Morning brought an dense mist to the mountains, a ceiling clamped down on the summits. The light was a dirty yellow, and oddly, it really had an effect on my mood. I headed off for Beinn Bheoil, feeling all too acutely the sweeping silence of the mountains, their hemmed in walls. This dirty ceiling which wouldn't lift. Ugly rock structures streaked the side of Ben Alder. It was all a bit sickly.

I took the stalkers track to just short of Loch a' Bhealaich Bheithe, then headed up the side of Beinn Bheoil. As I gained the ridge, the mist began to lift and the views opened up. I get this recurring theme on mountains - I like to leave the enclosure of the valleys behind and feel the body charge up and get ready to boost for a day on the high tops. It's a great feeling to watch the horizons pull into view, and Beinn Bheoil was no exception.

Ben Alder

Unfortunately, Beinn Bheoil was too clouded in to get a summit panorama, but things just continued to improve as I headed on my way to Ben Alder via. Sron Coire na h-Iolaire. Ben Alder is a fascinating peak. It's plateau encloses an east face with sculpted spurs falling off into valleys, all classic glaciated carving. It resides in an remote part of the Highlands, but can also be seen from the A9 down the length of Loch Ericht. It's has an air of mystery; it's own (haunted?) bothy on the south side, a Prince Charlie's Cave, and the association of having had a French guy found shot dead on the plateau in 1996. Eek.
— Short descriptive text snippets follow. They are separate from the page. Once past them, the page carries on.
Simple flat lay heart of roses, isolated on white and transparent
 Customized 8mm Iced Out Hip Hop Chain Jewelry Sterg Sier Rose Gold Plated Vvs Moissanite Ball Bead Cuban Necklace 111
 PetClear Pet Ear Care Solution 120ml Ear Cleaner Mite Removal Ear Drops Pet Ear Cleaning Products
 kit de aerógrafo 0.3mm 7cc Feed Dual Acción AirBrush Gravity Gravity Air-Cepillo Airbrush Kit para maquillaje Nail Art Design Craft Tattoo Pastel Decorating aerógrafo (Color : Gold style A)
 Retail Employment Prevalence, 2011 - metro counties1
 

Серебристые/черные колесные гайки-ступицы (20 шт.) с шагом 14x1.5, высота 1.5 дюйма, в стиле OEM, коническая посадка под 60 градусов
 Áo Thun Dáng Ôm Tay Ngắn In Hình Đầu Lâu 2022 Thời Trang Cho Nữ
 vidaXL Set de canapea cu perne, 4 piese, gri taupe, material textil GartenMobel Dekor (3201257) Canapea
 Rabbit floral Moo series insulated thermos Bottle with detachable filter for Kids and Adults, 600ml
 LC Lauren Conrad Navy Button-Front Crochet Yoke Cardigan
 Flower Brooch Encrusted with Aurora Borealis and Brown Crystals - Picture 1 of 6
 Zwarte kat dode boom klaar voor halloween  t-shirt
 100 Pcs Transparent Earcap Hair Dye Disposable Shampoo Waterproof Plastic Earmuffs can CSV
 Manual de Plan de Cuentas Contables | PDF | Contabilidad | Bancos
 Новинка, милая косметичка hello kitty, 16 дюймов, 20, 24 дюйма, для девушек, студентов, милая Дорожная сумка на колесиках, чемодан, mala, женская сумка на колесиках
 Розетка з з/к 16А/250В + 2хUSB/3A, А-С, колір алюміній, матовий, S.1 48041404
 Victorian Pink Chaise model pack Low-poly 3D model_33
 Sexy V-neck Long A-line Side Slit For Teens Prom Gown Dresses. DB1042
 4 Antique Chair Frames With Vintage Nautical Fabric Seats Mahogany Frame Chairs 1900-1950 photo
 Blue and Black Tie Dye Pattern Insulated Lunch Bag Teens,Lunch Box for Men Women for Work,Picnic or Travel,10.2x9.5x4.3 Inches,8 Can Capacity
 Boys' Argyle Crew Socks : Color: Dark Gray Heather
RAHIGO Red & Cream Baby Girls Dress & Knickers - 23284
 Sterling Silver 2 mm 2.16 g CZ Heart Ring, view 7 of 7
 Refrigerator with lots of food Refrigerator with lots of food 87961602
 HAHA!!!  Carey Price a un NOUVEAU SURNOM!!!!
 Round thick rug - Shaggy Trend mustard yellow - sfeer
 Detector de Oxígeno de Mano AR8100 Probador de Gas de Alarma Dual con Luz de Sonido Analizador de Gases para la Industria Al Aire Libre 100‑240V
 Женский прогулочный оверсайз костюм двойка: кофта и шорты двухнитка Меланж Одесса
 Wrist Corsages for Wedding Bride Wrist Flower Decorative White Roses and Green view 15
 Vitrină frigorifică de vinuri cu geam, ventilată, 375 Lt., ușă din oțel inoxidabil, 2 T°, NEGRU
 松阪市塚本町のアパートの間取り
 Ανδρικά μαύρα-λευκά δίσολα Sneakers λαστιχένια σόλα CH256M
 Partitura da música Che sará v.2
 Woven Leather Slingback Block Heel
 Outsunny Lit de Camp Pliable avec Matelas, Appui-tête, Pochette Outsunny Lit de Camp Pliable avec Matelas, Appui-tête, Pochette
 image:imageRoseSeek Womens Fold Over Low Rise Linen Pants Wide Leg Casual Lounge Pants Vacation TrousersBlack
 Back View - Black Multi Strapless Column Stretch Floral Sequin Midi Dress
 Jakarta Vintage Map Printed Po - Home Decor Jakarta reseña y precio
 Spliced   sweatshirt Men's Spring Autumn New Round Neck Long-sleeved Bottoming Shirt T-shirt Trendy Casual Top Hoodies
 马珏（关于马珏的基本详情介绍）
Another quirk of this mountain is Lochan a' Garbh Choire, which must be the highest (named) lochan in Scotland. It's really more of a stony puddle, but I enjoyed the novelty anyway.

On the summit, I gave Struan a call - he was still in work in Edinburgh, and made his envy known in no uncertain terms! I looked back up Loch Ericht - Dalwhinnie seemed a very long way off - definitely a longer distance than I had just cycled and walked. I took some time at the top before heading off for my next Munro, Geal-charn.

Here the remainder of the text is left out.